I want to know that how are the laplacian equations and bood Diagram of this filter.( and relation between them.)
filter.JPG
Is it possible guide me please?
Best Regards
Goldsmith
 

It is quite easy to do it by yourself!Assuming an ideal opamp (Infinite Gain,Infinite Rin,Zero Rout) and based on uo=A(u+ - u-) and the Kirchoff's law around the opamp you can extract the desired transfer function.
If you assume a more complex model for the opamp the procedure is identical but maybe computations are more time consuming.
Having the transfer function you can sketch the magnitude and phase response or simulate your designed circuit and compare the results from theory.
 
Dear jimito13
Thanks for your reply. i can write the transfer function in s plane as simple as. but i can not find the phase margin from that.
and i can not draw the bood diagram . is it possible that you guide me , please?
Best Regards
Goldsmith
 

i can write the transfer function in s plane as simple as. but i can not find the phase margin from that.
Click to expand...

You can't find the Phase Margin via theory and equations or via simulation?
Remember PM definition : It is the distance of the phase for the frequency in which the small-signal gain crosses zero dB from the -180deg.
Now,let's apply the above definition :
1.)Take the magnitude of your transfer function (substitute s=jω) and make it equal to 1(thus 0dB).Solve for ω and as a result you get the frequency (ω0) in which the small-signal gain crosses zero dB.
2.)Take the phase response of your system and substitute the variable ω with ω0.Let's name ω1 the result of your calculations.
3.)PM=ω1-(-180deg)=ω1+180deg

As for simulation it's much easier,just remember the definition of PM and apply the above steps at the magnitude and phase response that will get after a small-signal analysis.
 
Dear jimito13
Thanks for your valuable and helpful reply. but is it possible that you do it for this circuit. i confused really. and i think if i see its solution from you as an example , i will understand it perfectly.
Again thank you for your attention and guide.
Sincerely
Goldsmith
 

An important point that seems to being missed is that phase margin is measured with the feedback loop broken. That is, it is an open loop characteristic. The circuit is shown in closed loop. You need to break the loop. Any good textbook on circuit design or control theory should have an explanation.

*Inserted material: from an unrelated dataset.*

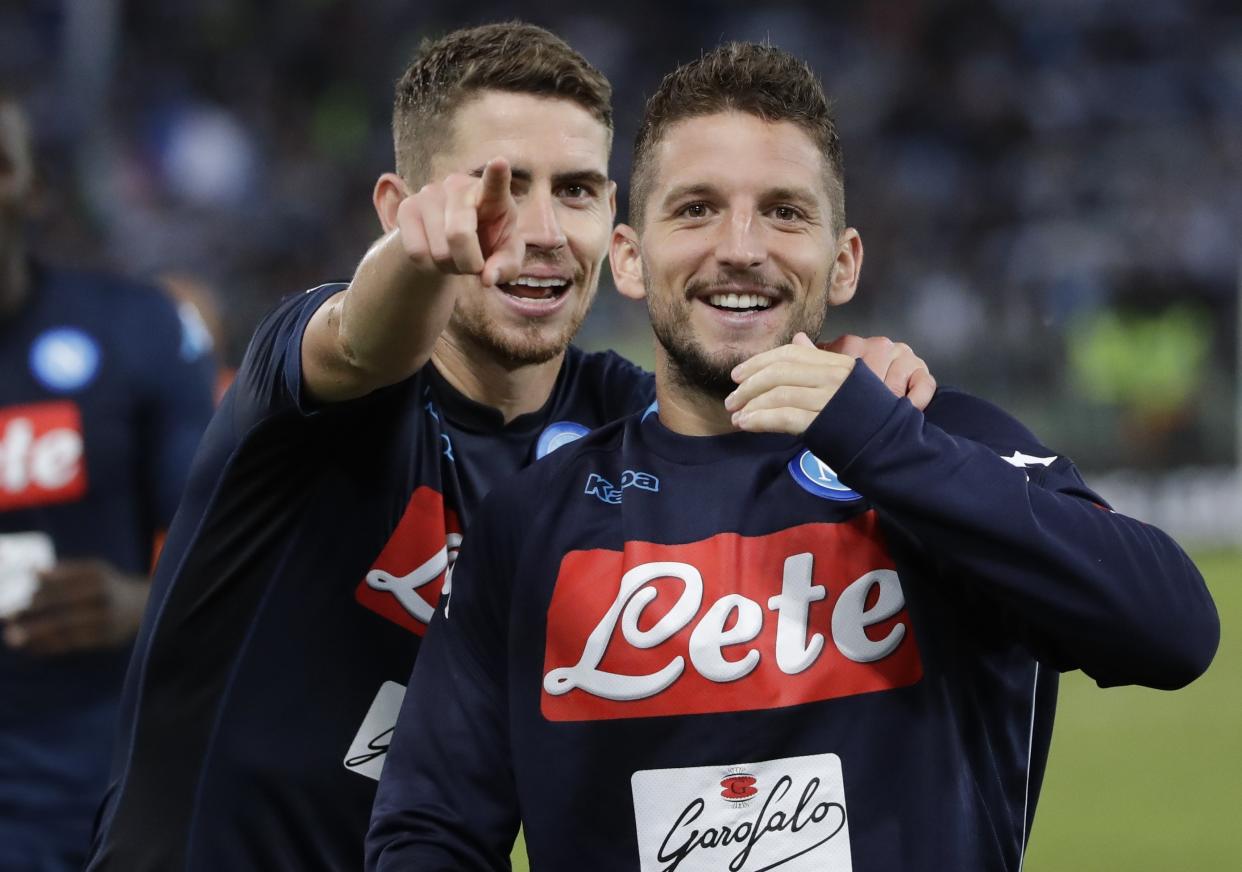 Dries Mertens junto a Jorginho tras derrotar a la Lazio en el Estadio Olímpico de Roma (Foto: AP Photo/Alessandra Tarantino)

If you want to derive the equation you don't want to use infinite gain - the gain has to drop off as frequency increases. An opamp gain of w0/s is a good approximation. w0 is the point where the opamp gain crosses zero dB.
 
Yes, RobG is right.
Everything that Jimito tries to explain is related to the LOOP GAIN only.
That means: Open the feedback loop, inject at this point a test signal and measure the voltage ratio at the opening.
However, very often this creates problems: DC operating point is altered or even lost and loading conditions change at that node.
Therefore, some special methods have to be applied (e.g. as proposed by Middlebrook).
 
Thanks guys,i totally forgot to mention that all my previous posts were concerning the loop gain of the circuit.Thanks again for the supplemental information you provided and sorry from the original poster for this omission.
 

Dear Friends!
Hi
Thank you for all of your replies and attentions.
But i confused . i can find the place of pole and zero of that circuit and i can find its H(s) . but i can not find its phase margin and bood diagram and i'm really confused and i want to understand it . Guide me , please .
Thank you
Goldsmith
 

Goldsmith, the desired Bode diagram (BODE !!!) consists of a graphical representation of the loop gain magnitude (in dB) and the loop gain phase versus frequency.
Then, follow the instructions as outlined in Jimito's posting #4.
 

Dear LvW
Hi
Thanks for your attention and reply.
I think the H(s) is : (R5)/(R1R5sc+R1)
And i think it has not zero . and it has a stable pole at left of s plane .Are they right?
what should i do? should i convert it to the db gain? is its formula 20log(H(s)) for this example?
Best Regards
Goldsmith
 
goldsmith said:
Dear LvW
Hi
Thanks for your attention and reply.
I think the H(s) is : (R5)/(R1R5sc+R1)
And i think it has not zero . and it has a stable pole at left of s plane .Are they right?
what should i do? should i convert it to the db gain? is its formula 20log(H(s)) for this example?
Best Regards
Goldsmith
Click to expand...

At first, write H(s) in "normal form" by dividing numerator and denominator by R5.
Then you can follow the rules for constructing the BODE diagram: Approximate H(s) in dB by two straight lines:
A horizontal line for very low frequencies and another line with a slope of -20dB/dec (frequency axis in log scale!) for very high frequencies.
Both lines intersect at the pole frequency 1/R1C.
(Further details regarding the Bode diagram can be found elsewhere)
 
I don't know if the equation is correct (sign is wrong for negative feedback), but do NOT convert it to dB. Just find where the magnitude is equal to 1. Then calculate the phase angle at that point.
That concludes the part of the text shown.